(Work to complete):
Verbatim copy, pictures excluded: every line from the one with "Mischievous Monkey Jungle" through the final line of the data below, and no other line.

(Brief descriptive captions):
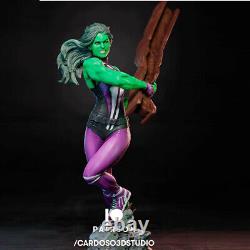 SHE HULK Unassembled Unpainted 3D Printing Resin Model Kits Garage Kits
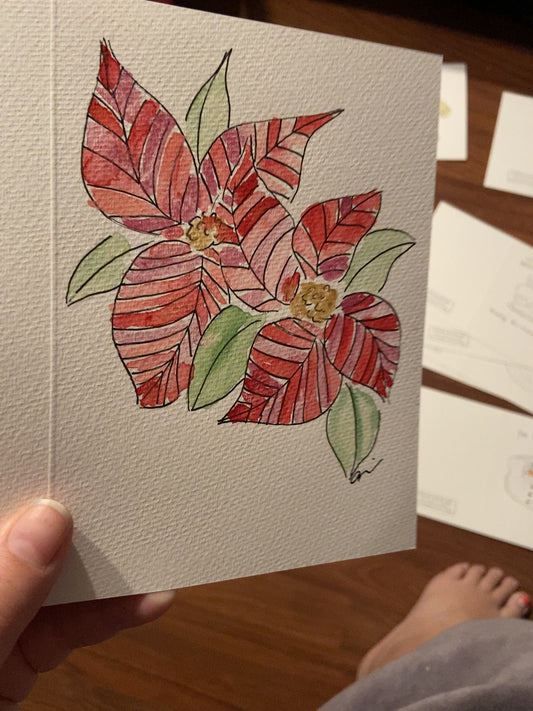 Poinsettia Card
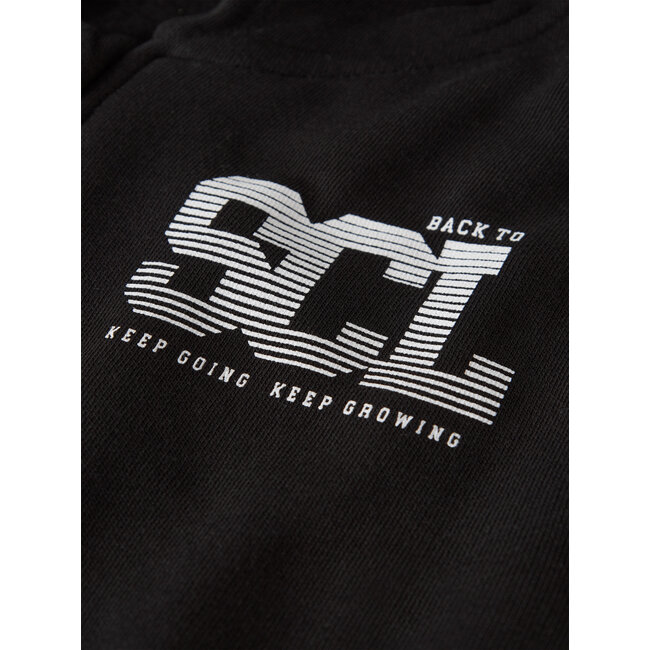 Name it winter sweat vest jongens - zwart - NkmLenno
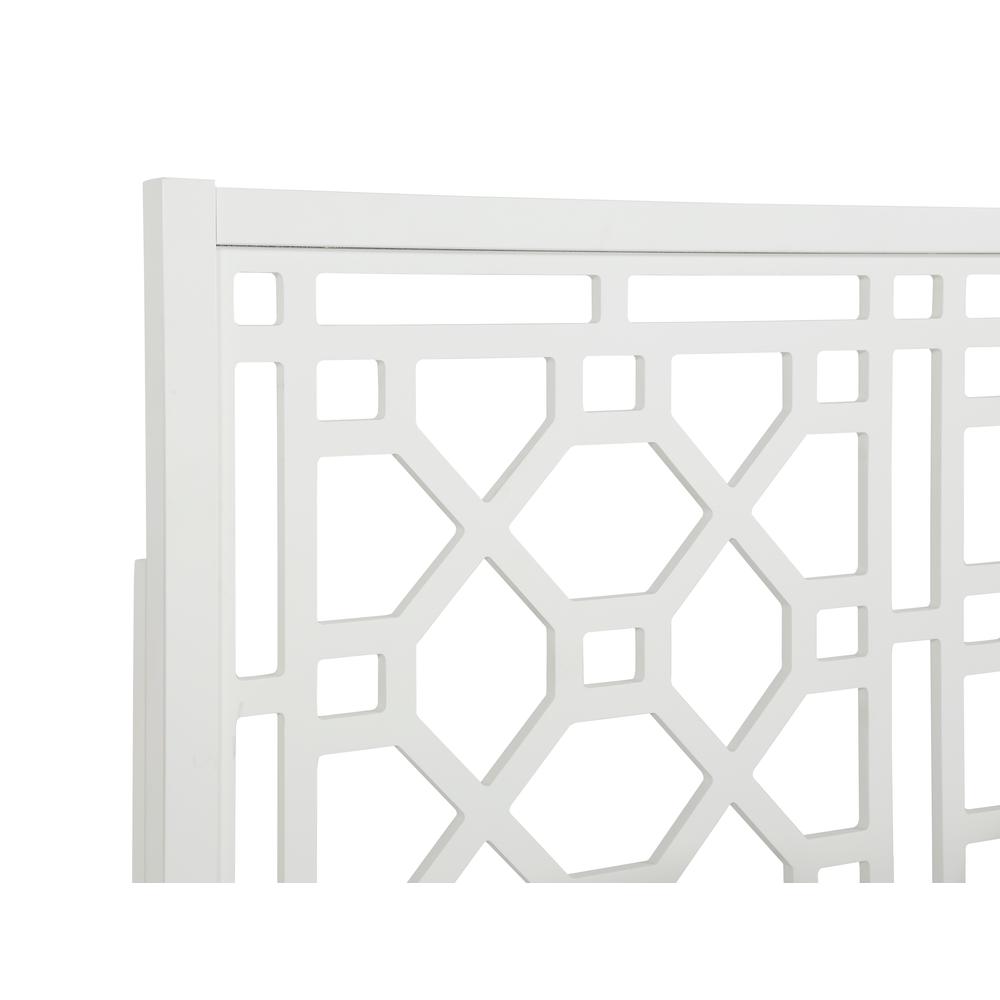 Thomas Chippendale White Headboard - Queen/Full. Picture 3
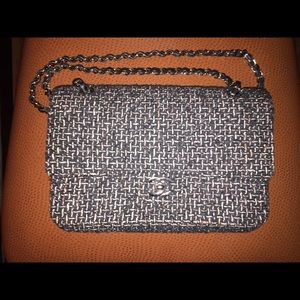 Vintage Chanel tweed purse- medium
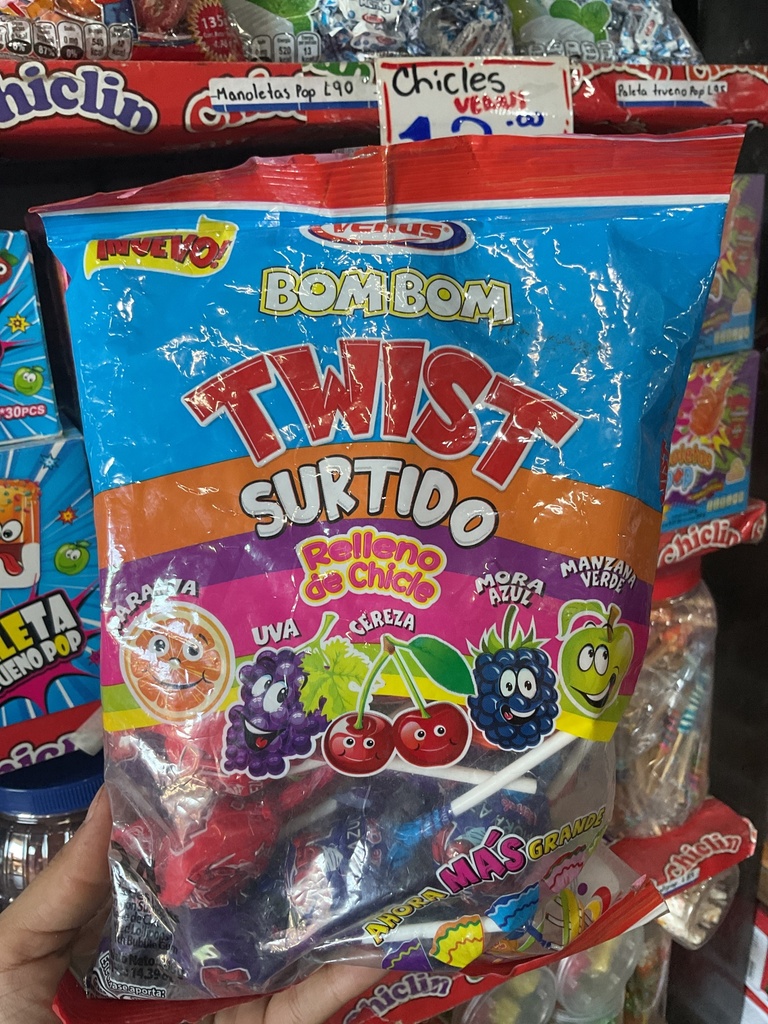 BOMBON  TWIST SURTIDO VENUS 1X25X24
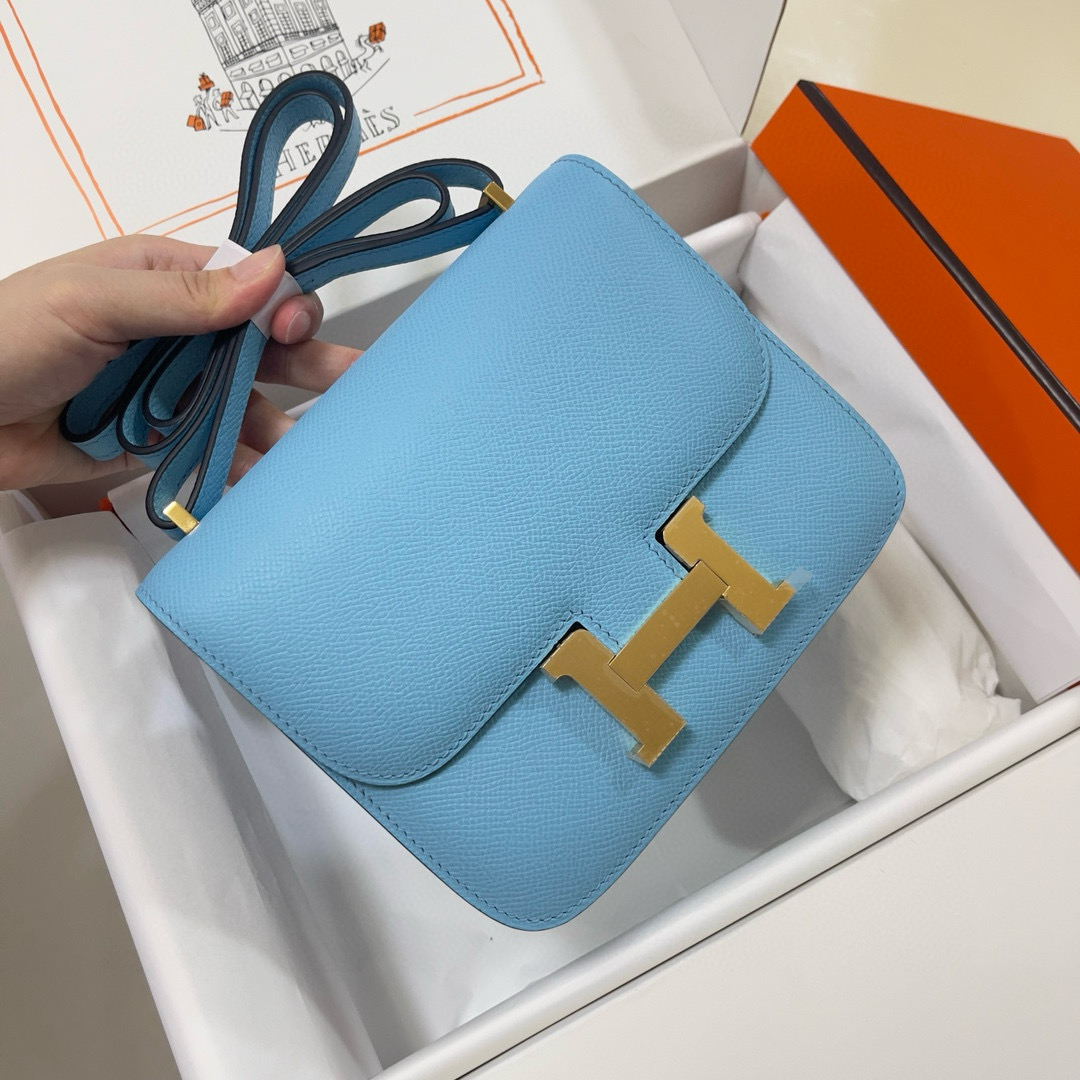 Hermes Celeste Epsom Constance 18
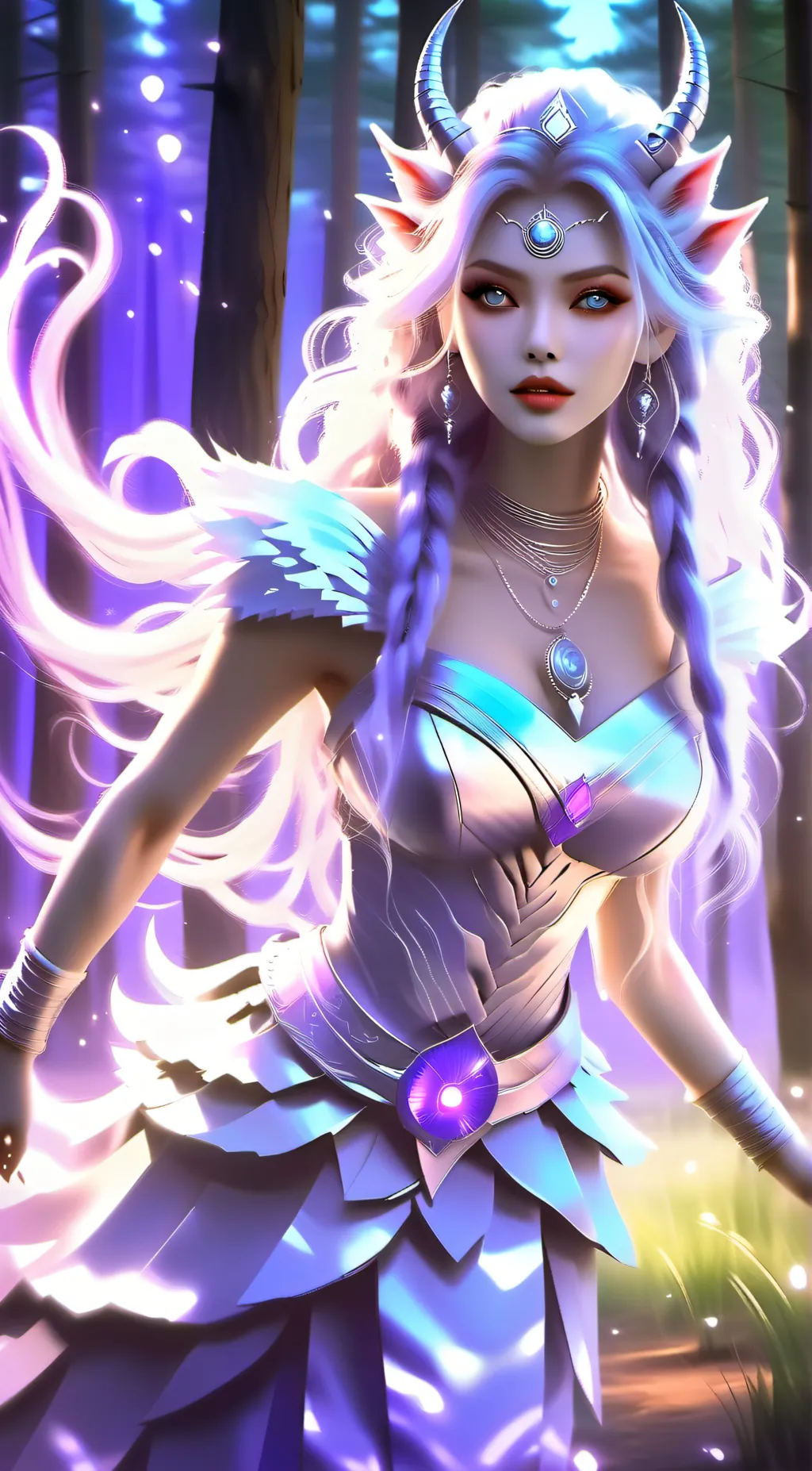 ai character: Luna Nightheart background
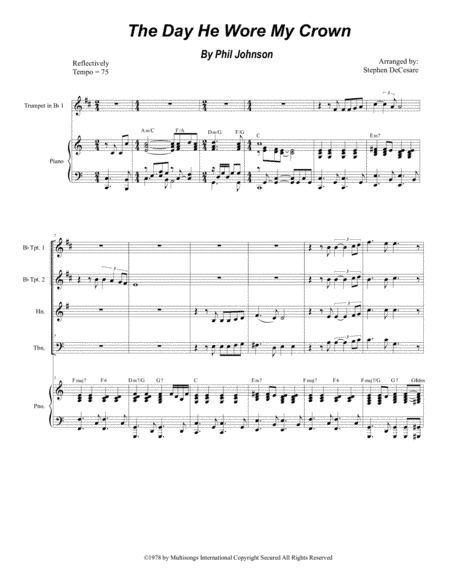 The Day He Wore My Crown (arr. Stephen DeCesare)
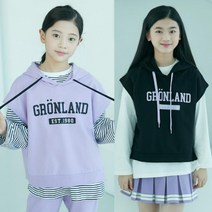 반팔후드티 후드조끼 초등 중학생 여아 코디 봄가을 초등옷 베이직 캐주얼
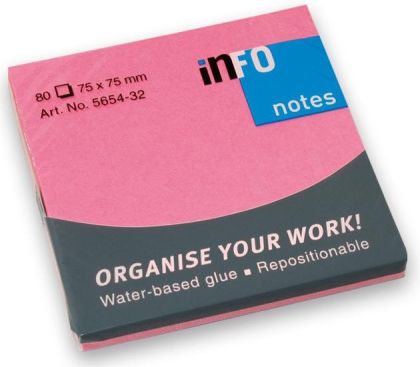 ЛИСТЧЕТА СЗЛ INFO NOTES 75/75ММ 80Л НЕОН РЗВ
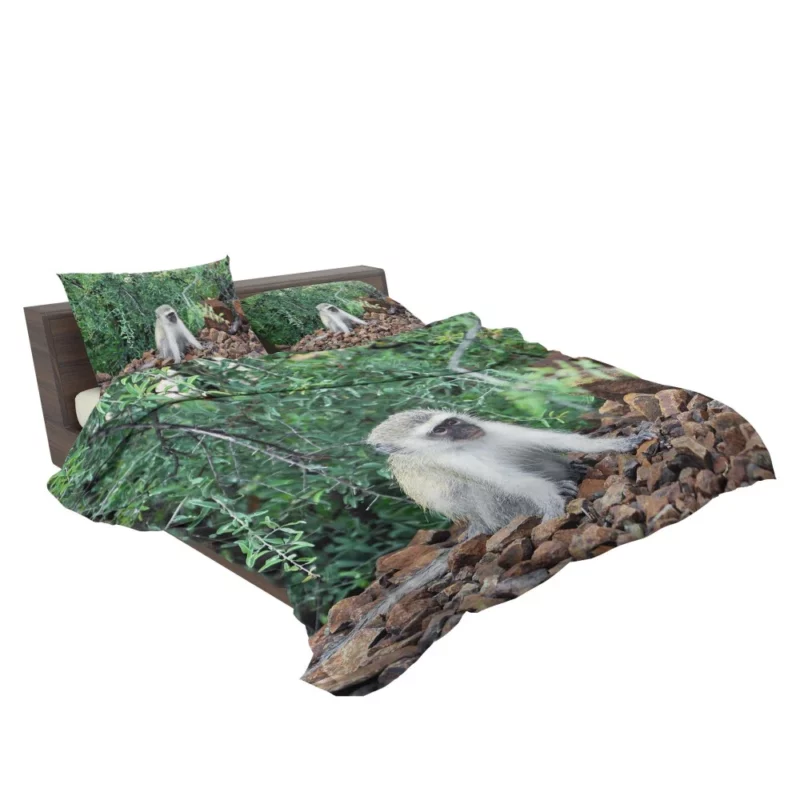 Mischievous Monkey Jungle Adventure Bedding Set 2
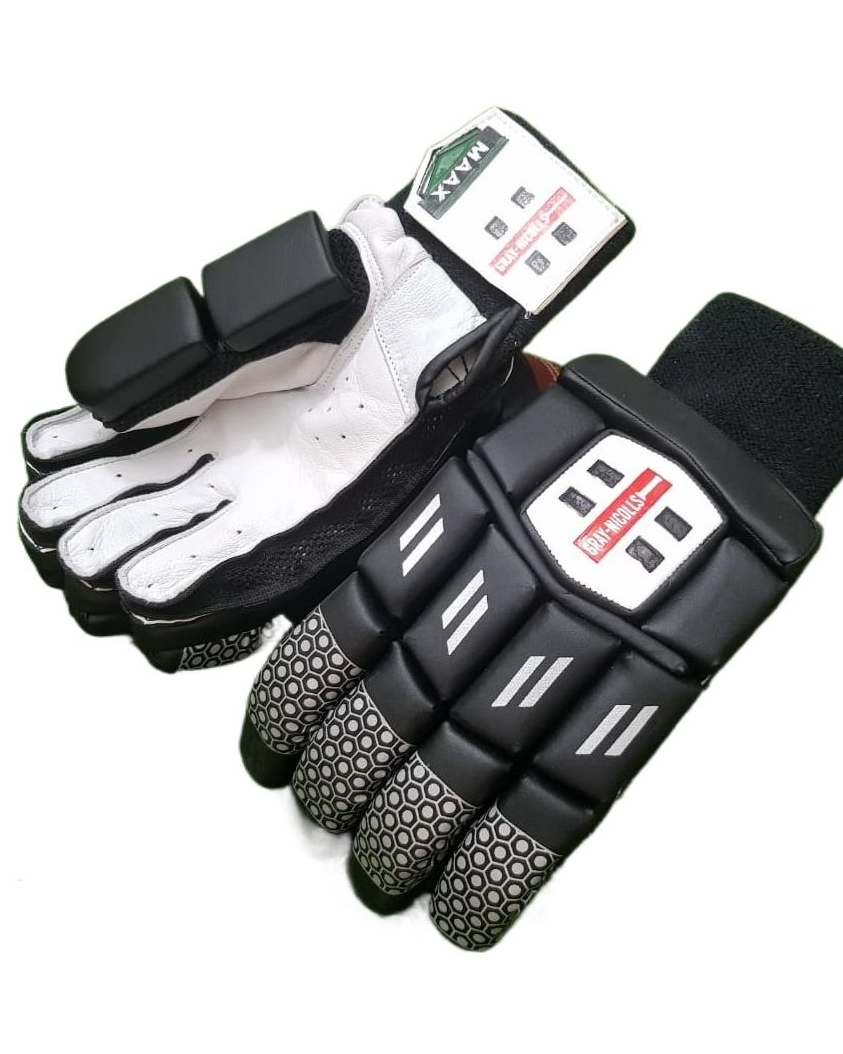 Gray Nicolls Max Black - Academy Cricket Gloves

(Result of this task):
 Mischievous Monkey Jungle Adventure Bedding Set 2
 Gray Nicolls Max Black - Academy Cricket Gloves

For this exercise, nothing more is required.